For the not-so-blessed people like me who have to deal with several skin problems, we have to continuously find for ways to combat these predicaments. For me, chicken skin is one of my concerns and I will share in this post how I keep my chicken skin at bay.

When I was a kid, I used to play a lot outside so I used to always have An-An and Buni. Consequently, when I was growing up, I thought the only concern that I would have to face about my skin was it being prone to these fungal infections.

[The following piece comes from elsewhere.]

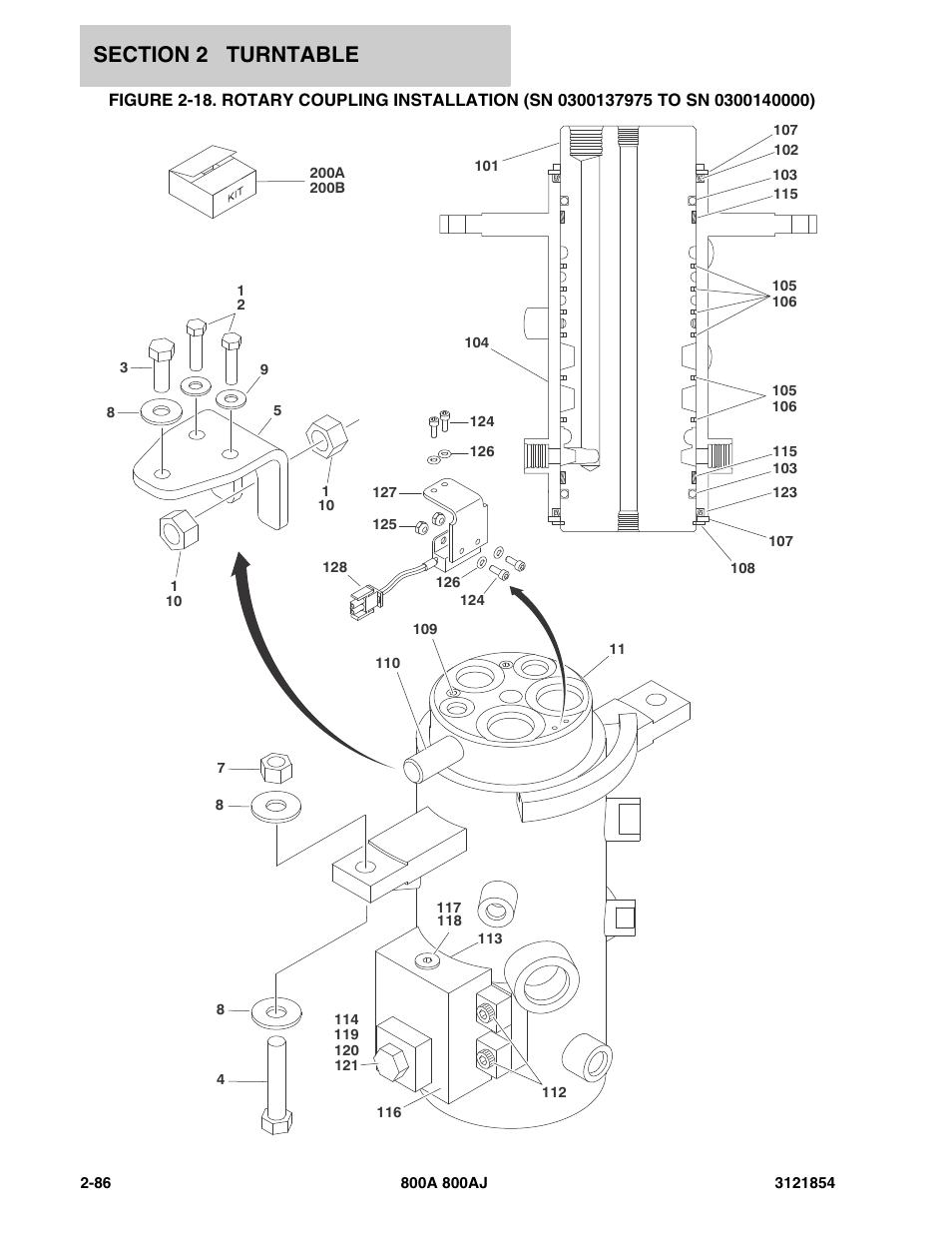 JLG 800A_AJ Parts Manual User Manual | Page 130 / 350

However, in 2017 I started to have these patches of rough-feeling bumps on my arms. I self-medicated by trying all sort of things that I found on the internet like putting on salicylic acid, salt, and coconut oil. None of it worked for me. When I was about to resign myself to having it forever, I began to have it also on my face, though it was a little itchier. That was the only time that I dragged my butt to a Dermatologist, and I found out that I have a Keratosis Pilaris (chicken skin).

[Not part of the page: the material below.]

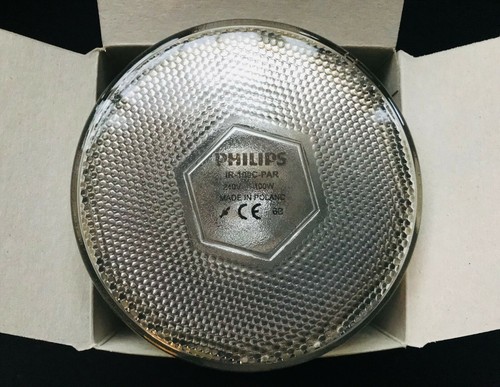 3 x Philips Incandescent 240v PAR38 R125 E27 ES 100w Infrared Clear Front - Picture 4 of 6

Keratosis pilaris is a common skin condition that usually worsens especially when the skin gets very dry. It is also a result of the buildup of the hair protein in the pores and it blocks the opening of growing hair follicles. The exact cause of this buildup is unknown, but doctors think that it may be associated with other skin conditions such as atopic dermatitis and genetic diseases. You may read more about this on the Mayo Clinic’s site.

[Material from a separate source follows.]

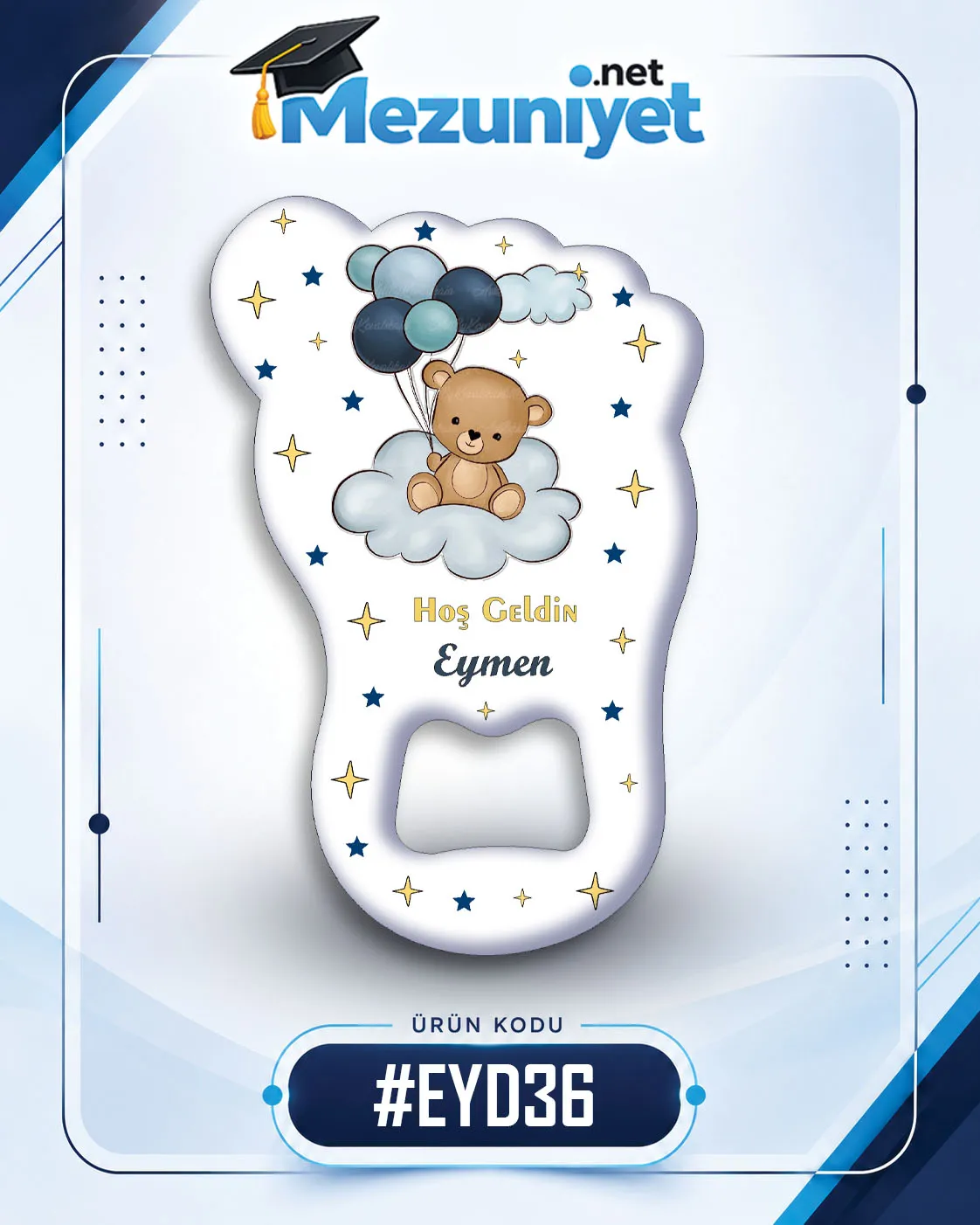 Erkek Yeni Doğan Magnetleri - EYD36 - Görsel 1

This condition is not contagious. Though I hate to be the bearer of bad news, Keratosis Pilaris (chicken skin) cannot be treated. My dermatologist said that she also had it near her knees for the longest time but it cleared up on its own as she aged. Since there is no cure for this, she had to prescribe me several medicines to keep my chicken skin at bay.

First things first. These are the Do’s and Don’ts when dealing with Keratosis Pilaris (chicken skin), according to my dermatologist:


1. Use mild soaps or cleanser only, like Cetaphil.

2. Use moisturizer and lotions regularly.

3. Limit your time in the water.

4. When drying out your body after a bath, pat your skin lightly.

5. Apply the lotion/ moisturizer when the skin is still a little damp.


1. Don’t scratch or rub your skin harshly.

2. Don’t take too much time when taking a bath.

Aside from the abovementioned reminders, my doctor also prescribed me the following:

1. Secalia AHA that I use every night, before going to bed. My skin feels greasy and sticky after putting this on, but it dries out after a moment or two. You can buy this from the major drugstores at Php 1,500.00. Expensive, I know, but this can last for more than 6 months.

How I Keep My Chicken Skin at Bay - Moisturizer

2. Jergens Lotion that I use every morning. This can be bought also from drugstores and malls’ supermarkets.

How I Keep My Chicken Skin at Bay - Lotion

3. Desowen Cream that I use for my face and near my chest. This, however, can’t be purchased without a prescription. The drawbacks that I experience for this cream are (1) it has a medicinal scent, and (2) when this is applied above my chest, I get so many pimples near that area.

How I Keep My Chicken Skin at Bay - topical cream

These three things can clear my Keratosis Pilaris (chicken skin) after three days from date of application, and these also help me to control it. But as mentioned, it does not really go away because it comes back after several days.

Maybe, for now, I would have to live with it a little longer.